Fractional Factorial Designs - Part 1
You want to find out what impacts one of the key output variables from your process. Suppose your process involves a stirred batch reactor. Your product is a chemical and the purity of that chemical is critical to customers. You would like to improve the chemical's purity. There are several factors you think might impact the purity - temperature, pressure, residence time, raw material purity, etc. How do you find out which factors impact the product purity significantly and by how much?
You accomplish this by using experimental design techniques. An experimental design is a planned experiment to determine, with a minimum number of runs, what factors have a significant effect on a product response and how large the effect is to find the optimum set of operating conditions.
This month’s publication examines two-level fractional factorial experimental designs. This type of design is useful when you want to examine 4 or more factors. With fewer factors, you can perform a full factorial experimental design. In this publication:
- Experimental Design Terminology Review
- Two-Level Full Factorial Design Review
- Main Effects and Interaction Review
- Design Table Review
- Analysis of Experimental Design Results
- Fractional Factorial Design Layout
- Design Resolution
- Quick Links
Experimental Design Terminology Review
There are four previous articles dealing with experimental design in our SPC Knowledge Base. We will review some of the material below but, if you want more information, you can access these articles here. Below are some of the terms used in experimental design.
A factor is a variable over which there is direct control. It is the independent variable in statistical terms. Examples of factors include reaction temperature, reaction pressure, residence time, flow rate, different operators, different shifts, different raw materials, and different lots.
The level of a factor refers to the value of the factor used in an experimental run. For example, if reactor pressure is a factor used in an experiment, two possible levels are 150 PSIG and 200 PSIG.
Fixed factors are factors whose levels in an experiment are set at particular values. The above example of reaction pressure with levels of 150 PSIG and 200 PSIG is an example of a fixed factor. There are also random factors.
A response is a variable whose value depends upon the levels of the factors. It is the dependent variable in statistical terms. Examples of responses include yield, reactor run times, and final product characteristics such as purity, color, density, etc. Cost is also a response variable.
To further develop the terminology associated with experimental design, consider a stirred batch reactor example. Two factors, reactor temperature and residence time, are thought to impact the product purity obtained in a chemical reaction.

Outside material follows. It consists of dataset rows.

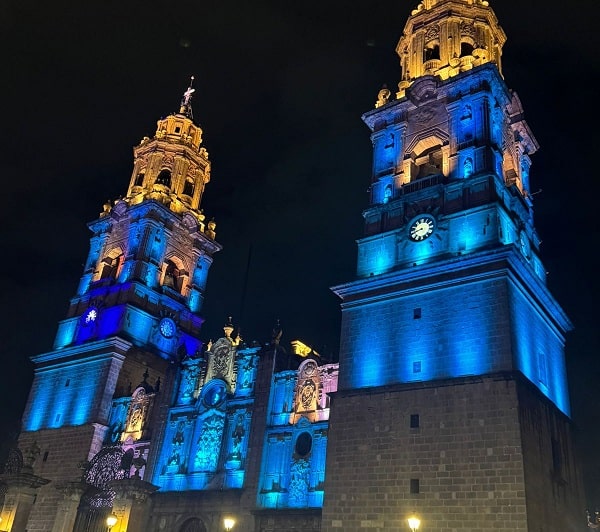 Catedral de Morelia se pinta de azul turquesa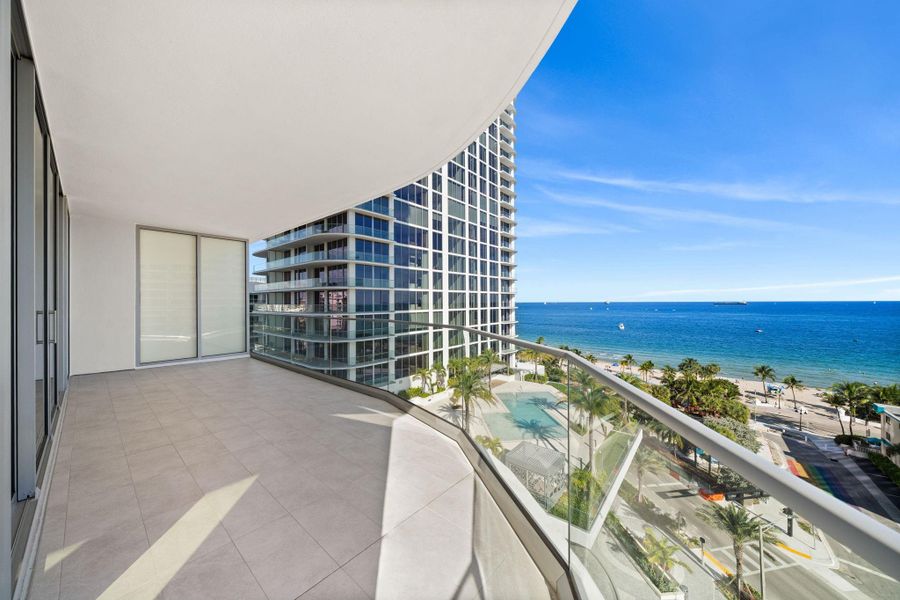 Condo located in Fort Lauderdale, FL showcasing its design and architecture (Image 41).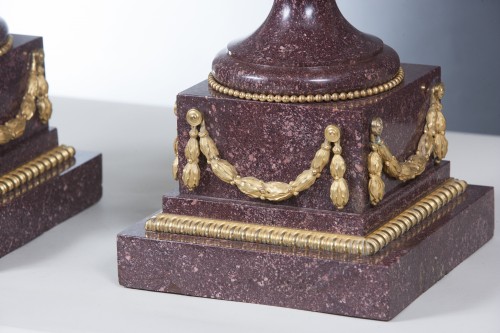 19th century - Fine pair of porphyry and gilt-bronze mounted vases with lids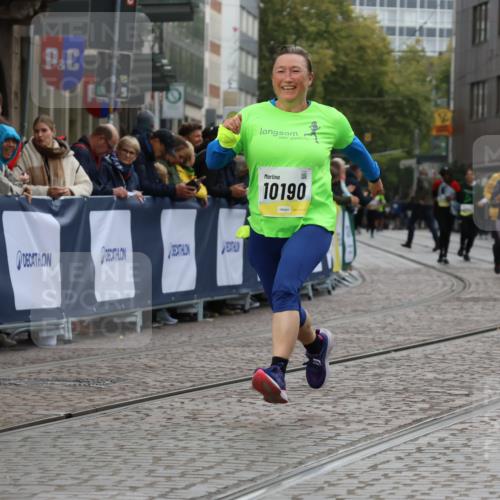 05.10.2025 - 20. swb-Marathon Bremen Strokosch-Dieckow http://msf.ph/oto/9276478 05.10.2025 11:12:42 Ziel 10190, 11285 meine-sportfotos.de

A planned experiment to investigate this could take the form shown in Table 1. This is a two-level full factorial design.
Table 1: Experimental Design
A treatment or treatment combination is represented by one cell. For example, in cell 1, the treatment is temperature = 50°C and residence time = 30 minutes. A treatment represents the levels of all factors used in a given experimental run. For this experimental design, there are four treatments (r0t0, r0t1, r1t0, and r1t1).
For this experiment, each treatment is run three times. This is called replication of the treatment. Replication is used to estimate the experimental error (the variation in the process). Experimental error is represented by the difference in experimental runs with the same factor levels. For example, the treatment represented in cell 1 above is run three times. The variation in the product purity for these three runs is caused by experimental error. Experimental error is not a very good term for this. It is actually measuring the process variation.
This process variation will be used to determine if a factor has a significant effect on a response. If the differences seen in the response variable due to different levels of the factor can be explained by normal process variation, we will conclude that the factor does not affect the response. However, if the differences cannot be explained by normal process variation, we will conclude that the factor does affect the response.
Two-Level Full Factorial Design Reviews
A full factorial design runs every possible combination of factor levels. The simplest full factorial design is the 22 design, such as the reactor example above. The first two in the 22 design represents the number of levels while the exponent represents the number of factors. The factor space (a square for two factors) for a 22 factorial design is given in Figure 1. The factor space is the region surrounded by the experimental runs.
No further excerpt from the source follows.